With most people spending more time in the kitchen and with their kids, some chefs turned to social media to share some of the antics of making meals with and for their little ones.

Towards the beginning of lockdown, head chef at Tjing Tjing in Cape Town Christi Semczyszyn started posting videos of what she was cooking at home, with her son, Felix, getting involved. She soon started featuring him more after people commented on how much they enjoyed seeing him help her.

She shares: “He loves cooking!” Christi says her son is very interested in the process and helps as much as he can, by chopping mushrooms with a dull kid’s knife, for example, or grating cheese – though she does joke that he eats half of it. Felix’s grandmother even made him a chef hat and apron for his kitchen duties, at his request.

For Giles Edwards, chef-patron at La Tête, the lockdown has meant more time to sit down for dinner. It all started on a rainy Sunday when his six year old, William, desperately wanted to bake something and was trying to do so without a recipe. Giles tried to guide his natural creativity, and with the help of a hastily googled recipe, they made a clafoutis. “That was the beginning of the cooking,” he says.

Since then, they have shared many bowls of home-made pasta and started little rituals such as Tuesday-night chicken and chips. He says his children love the process and are fascinated by  how food is made from scratch, especially at a time when many children are used to ready-made ingredients or meals.

Chef and restaurateur Bertus Basson agrees that he is often not home a lot, so lockdown allowed him to spend more time cooking with his family. He says: “We trialled a lot of burgers and pizzas in lockdown and incorporated some of the changes at De Vrije Burger and The Deck.”

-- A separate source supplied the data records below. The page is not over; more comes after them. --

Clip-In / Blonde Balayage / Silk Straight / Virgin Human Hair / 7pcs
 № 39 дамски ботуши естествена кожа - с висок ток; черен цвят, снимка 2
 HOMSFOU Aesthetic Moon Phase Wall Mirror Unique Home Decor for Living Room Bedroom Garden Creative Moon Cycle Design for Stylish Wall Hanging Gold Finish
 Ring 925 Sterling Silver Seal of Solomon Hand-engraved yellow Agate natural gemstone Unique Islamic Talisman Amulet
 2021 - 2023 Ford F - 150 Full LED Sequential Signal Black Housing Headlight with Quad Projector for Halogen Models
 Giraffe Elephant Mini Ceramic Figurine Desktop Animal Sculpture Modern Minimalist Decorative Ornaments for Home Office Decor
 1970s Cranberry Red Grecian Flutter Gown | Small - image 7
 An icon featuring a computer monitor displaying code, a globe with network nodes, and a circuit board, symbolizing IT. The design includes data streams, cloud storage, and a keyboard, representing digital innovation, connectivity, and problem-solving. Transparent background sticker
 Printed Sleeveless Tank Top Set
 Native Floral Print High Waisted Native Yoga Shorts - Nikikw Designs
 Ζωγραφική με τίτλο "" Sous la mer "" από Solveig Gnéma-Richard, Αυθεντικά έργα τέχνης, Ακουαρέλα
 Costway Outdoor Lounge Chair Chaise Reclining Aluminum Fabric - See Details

Multi-award-winning celeb chef and author Siba Mtongana has always enjoyed including her four children in the kitchen and is planning to release a children’s cookbook soon. She says: “During lockdown we spent even more time in the kitchen together and it was such a wonderful way to bond and to educate and upskill from a young age.”

Siba has lovely memories of her own mother and learning to cook a variety of traditional food. She says: “My love for cooking was cultivated in our little kitchen back home in Mdantsane and I will forever cherish those times together.”

How to get your child involved in the kitchen

Siba’s advice to parents is “to always try to include the children in the decision-making when it comes to food”. Get their buy-in and explain healthy, delicious eating.

If you’re planning to cook with your children, Giles says it’s all about “patience and preparation”. He recommends choosing something simple that isn’t too messy and can be followed without the kids losing interest. He says that it’s best to get everything ready before the little ones jump in, and to make it fun.

Christi has some advice for new parents. “I’m very much in favour of the ‘baby-led weaning’ style,” she says, which means one gives normal food to babies as young as six months old, instead of relying heavily on purées. She explains: “It’s meant that Felix started eating the same food as us from very young, so he has an insanely diverse palate and I never need to make him a separate meal. He’s open to trying any foods and there’s nothing he doesn’t eat.”